I have had the chance to play around with this, and my previous comments regarding the NOT IN are a red herring in this case. The key thing is the presence of NULLs, or rather whether the indexed columns have NOT NULL constraints enforced.
This is going to depend on the version of the database you're using, because the optimizer gets smarter with each release. I'm using 11gR1 and the optimizer used the index in all cases except one: when both columns were null and I didn't include the NOT IN
clause:
SQL> desc big_table
Name Null? Type
----------------------------------- ------ -------------------
ID NUMBER
COL1 NUMBER
COL2 VARCHAR2(30 CHAR)
COL3 DATE
COL4 NUMBER
Without the NOT IN clause...
SQL> explain plan for
2 select col4, count(col1) from big_table
3 group by col4
4 /
Explained.
SQL> select * from table(dbms_xplan.display)
2 /
PLAN_TABLE_OUTPUT
---------------------------------------------------------------------------------------
Plan hash value: 1753714399
----------------------------------------------------------------------------------------
| Id | Operation | Name | Rows | Bytes |TempSpc| Cost (%CPU)| Time |
----------------------------------------------------------------------------------------
| 0 | SELECT STATEMENT | | 31964 | 280K| | 7574 (2)| 00:01:31 |
| 1 | HASH GROUP BY | | 31964 | 280K| 45M| 7574 (2)| 00:01:31 |
| 2 | TABLE ACCESS FULL| BIG_TABLE | 2340K| 20M| | 4284 (1)| 00:00:52 |
----------------------------------------------------------------------------------------
9 rows selected.
SQL>
When I dobbed the NOT IN
clause back in, the optimizer opted to use the index.
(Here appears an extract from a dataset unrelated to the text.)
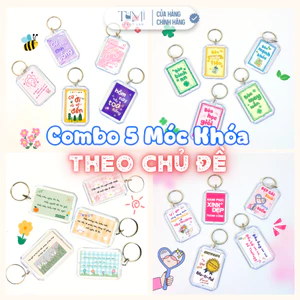 Combo 5 Móc Khoá Thông Điệp Tích Cực – Truyền Động Lực, Quà Tặng Bạn Bè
Weird.
SQL> explain plan for
2 select col4, count(col1) from big_table
3 where col1 not in (12, 19)
4 group by col4
5 /
Explained.
SQL> select * from table(dbms_xplan.display)
2 /
PLAN_TABLE_OUTPUT
---------------------------------------------------------------------------------------
Plan hash value: 343952376
----------------------------------------------------------------------------------------
| Id | Operation | Name | Rows | Bytes |TempSpc| Cost (%CPU)| Time |
----------------------------------------------------------------------------------------
| 0 | SELECT STATEMENT | | 31964 | 280K| | 5057 (3)| 00:01:01 |
| 1 | HASH GROUP BY | | 31964 | 280K| 45M| 5057 (3)| 00:01:01 |
|* 2 | INDEX FAST FULL SCAN| BIG_I2 | 2340K| 20M| | 1767 (2)| 00:00:22 |
----------------------------------------------------------------------------------------
Predicate Information (identified by operation id):
PLAN_TABLE_OUTPUT
----------------------------------------------------------------------------------------
2 - filter("COL1"<>12 AND "COL1"<>19)
14 rows selected.
SQL>
Just to repeat, in all other cases, as long as one of the indexed columns was declared not nill, the index was used to satisfy the query. This may not be true on earlier versions of Oracle, but it probably points the way forward.